▶ _INFORMATION PROVIDED_:
----
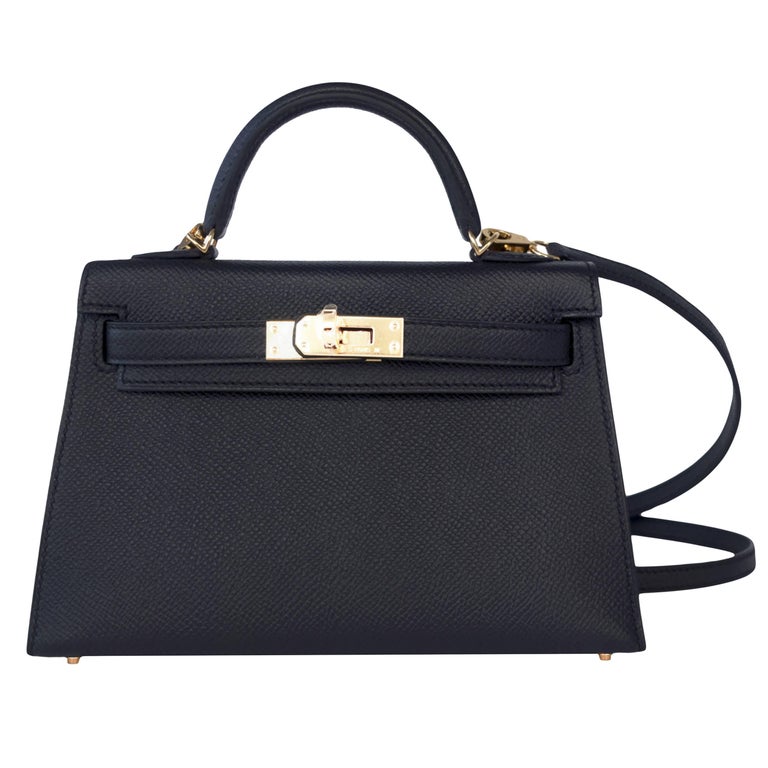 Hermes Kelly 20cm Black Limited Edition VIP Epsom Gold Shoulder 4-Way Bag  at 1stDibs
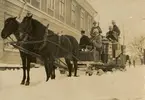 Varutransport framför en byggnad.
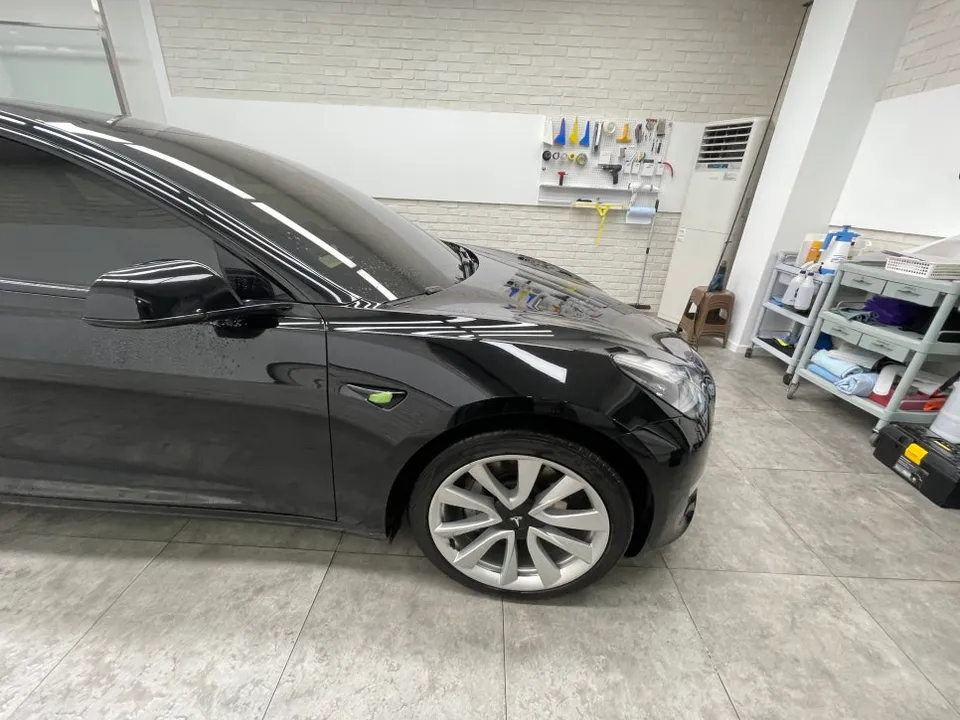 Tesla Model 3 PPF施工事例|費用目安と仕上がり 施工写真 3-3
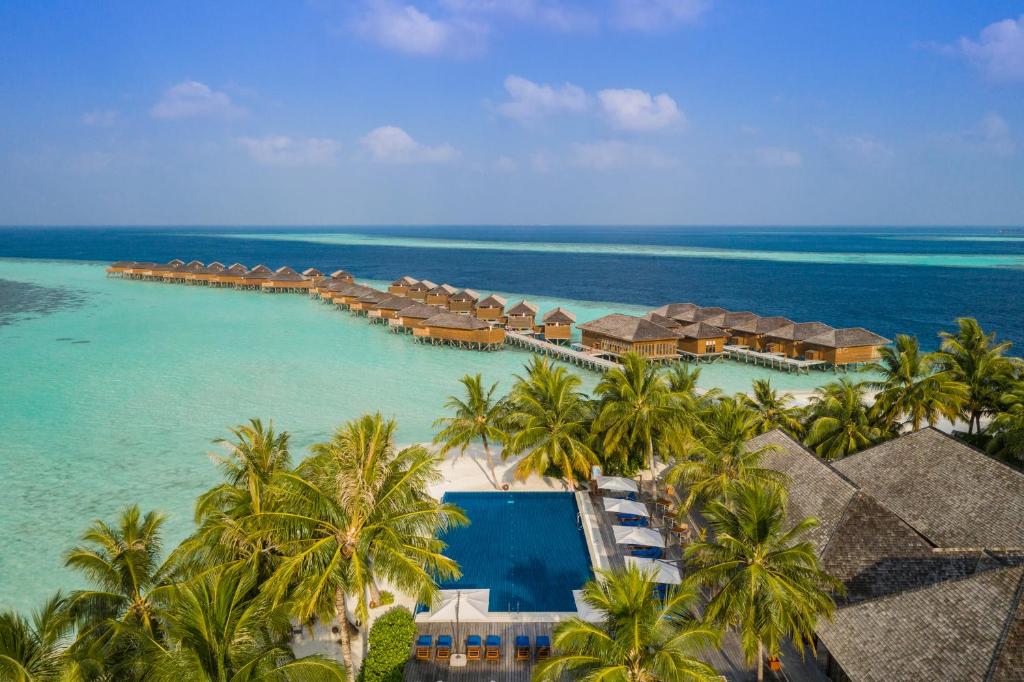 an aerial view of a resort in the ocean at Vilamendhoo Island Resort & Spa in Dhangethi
----
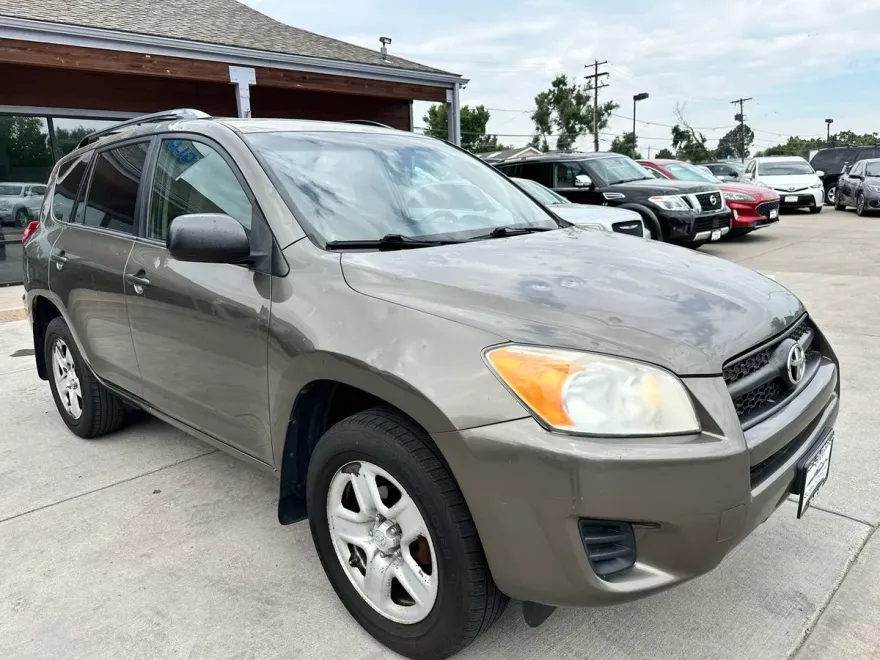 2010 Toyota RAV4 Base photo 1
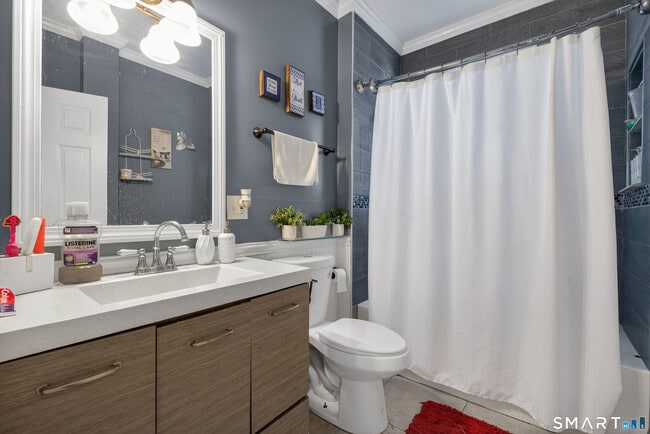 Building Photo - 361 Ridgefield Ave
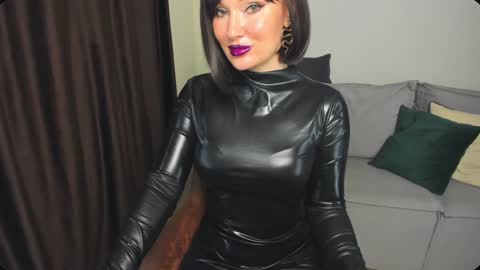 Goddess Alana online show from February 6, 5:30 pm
----
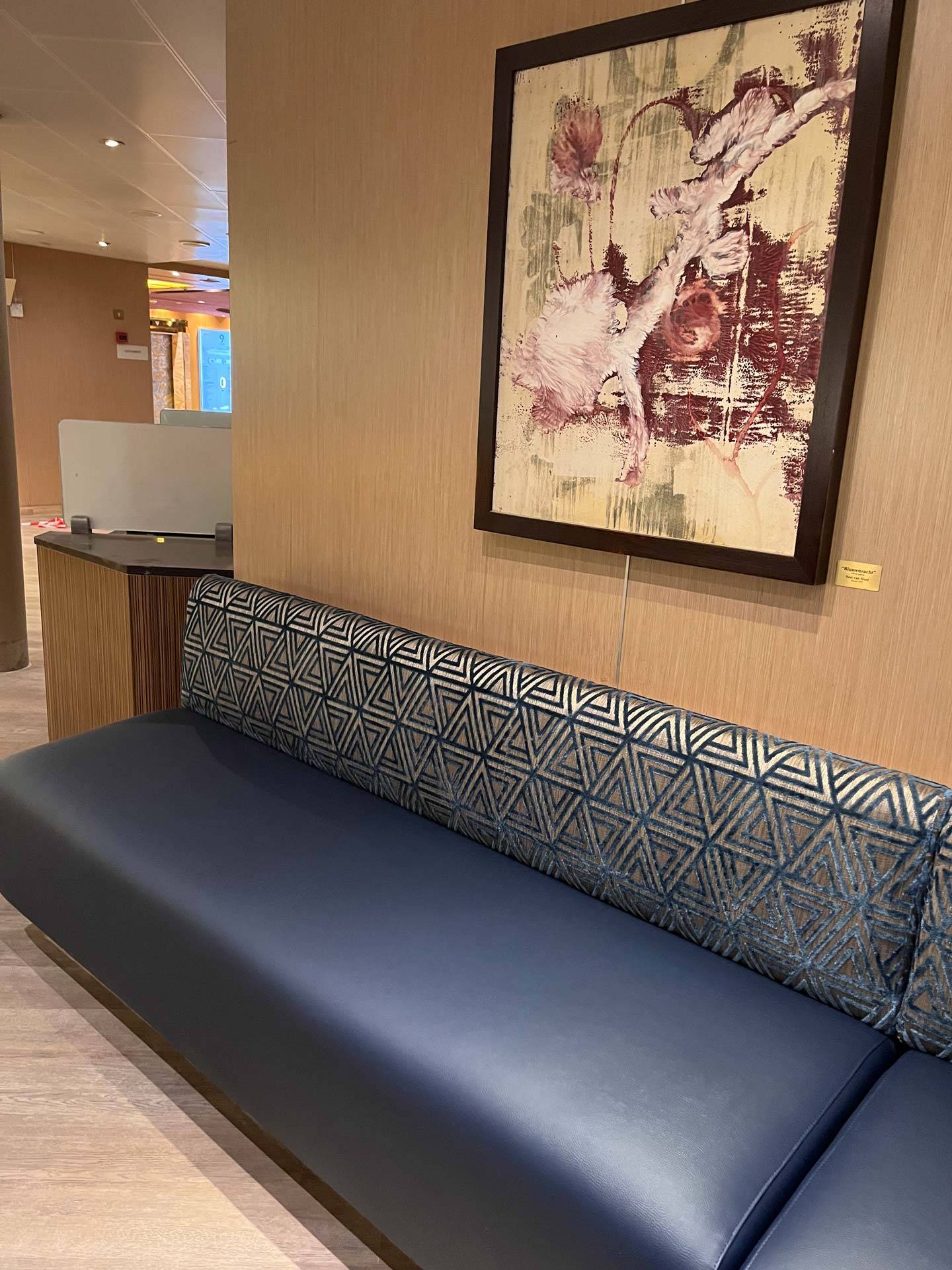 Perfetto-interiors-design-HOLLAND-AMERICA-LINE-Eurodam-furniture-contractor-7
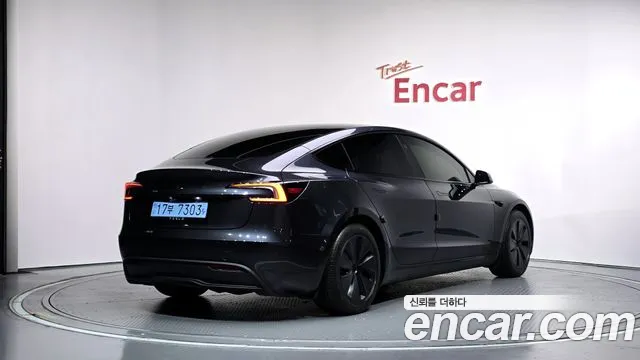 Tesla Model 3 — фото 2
----
▶ _PROBLEM DESCRIPTION_:
In the listing above, find the line with "Hermes Kelly 20cm" and the line with "an aerial view". Set down both and every line between them, minus the pictures.

▶ _RESPONSE TO THIS EXERCISE_:
 Hermes Kelly 20cm Black Limited Edition VIP Epsom Gold Shoulder 4-Way Bag  at 1stDibs
 Varutransport framför en byggnad.
 Tesla Model 3 PPF施工事例|費用目安と仕上がり 施工写真 3-3
 an aerial view of a resort in the ocean at Vilamendhoo Island Resort & Spa in Dhangethi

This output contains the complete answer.